What better way to celebrate and to share the love than by giving something away.

I'm thinking one of my Ice Slingshots, this time a Hrawkeye.

Simply post in this thread to be entered into the draw and on the same day I draw the Secret Santa (May 20), I'll pick a name at random to receive the gift.

No pic as yes as I'm yet to build it, but this should give you an idea:

Hrawkeye

*Ice Frame:*


----------



## Btoon84

Like, NO WAY AWESOME!!!!! I'm in. Like Thanks man!


----------



## e~shot

Thanks for the giveaway.

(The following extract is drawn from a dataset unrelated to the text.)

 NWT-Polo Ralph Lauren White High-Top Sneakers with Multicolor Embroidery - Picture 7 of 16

I already have my Icy Vector, so I'm giving up this opportunity to other members.


----------



## All Buns Glazing

You give me too much stuff as it is. I'm not entering!


----------



## Aussie Allan In Thailand

Hi There, The give away sounds great, so I am in thank you.

Aussie Al In Thailand


----------



## BC-Slinger

Congrats again on the 1000 mark Hrawk I am in.

Cheers

BC-Slinger


----------



## Danny0663

BOYAH! i'm in ... hrawkeye in that thickness would be cool.

Thanks dude.


----------



## AaronMB

Congrats on the 1000. Good stuff!

And thanks for the opportunity!


----------



## Aussie Allan In Thailand

HI Again,

I really like the one on the left with the shaped handle.

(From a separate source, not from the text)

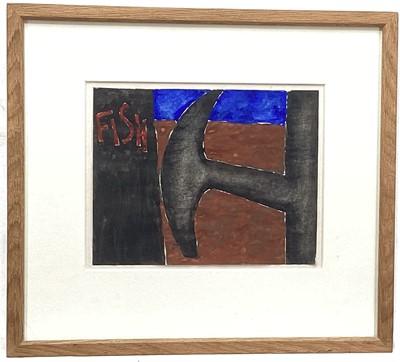 Lot 964 - *Josef Herman (1911-2000) watercolour, 'Fish', 19.5cm x 25cm, in glazed frame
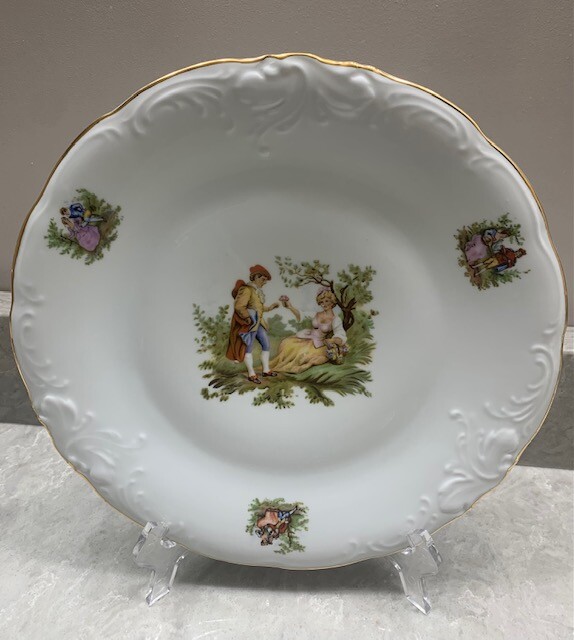 Wawel China Dinner Plate POLAND Victorian Gold trim Vtg 10”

As I think it would feel and fit better in the hand.

Cheers Al


----------



## Darklord

Awesome!!!!! I'm in


----------



## Mister Magpie

congrats on your exceeding like-ynesses. anxious to try out your design.


----------



## All Buns Glazing

Aussie.Allan said:


> HI Again,
> 
> I really like the one on the left with the shaped handle.
> 
> As I think it would feel and fit better in the hand.
> 
> Cheers Al


That's the famous Hrawkeye, and is what's being given away.

Totes wrong, bro. Scroll down.


----------



## Hrawk

Darklord said:


> Awesome!!!!! I'm in


It was my favorite design for a long time, as was the one on the right.

Then they got together after a drunken night of dance and the Dragon was born.


----------



## Hrawk

All Buns Glazing said:


> That's the famous Hrawkeye, and is what's being given away.


No dude, that's an MX-Ergo from MXred. Much bigger frame.


----------



## All Buns Glazing

Hrawk said:


> All Buns Glazing said:
> 
> 
> 
> That's the famous Hrawkeye, and is what's being given away.
> 
> 
> 
> No dude, that's an MX-Ergo from MXred. Much bigger frame.
Click to expand...

Ermergerd! So it is. I'm just so used to seeing the Dragon and Hrawkeye side-by-side! Apologies, MXred! Looks great.


----------



## Imperial

im tempted to say that im in, but ill leave it to others to join. im out. congrats on the 1000 likes. see H, theres people that like you. and good luck to those entering.


----------



## GEB

Congrats on reaching 1000 likes. Both of those slingshots look great.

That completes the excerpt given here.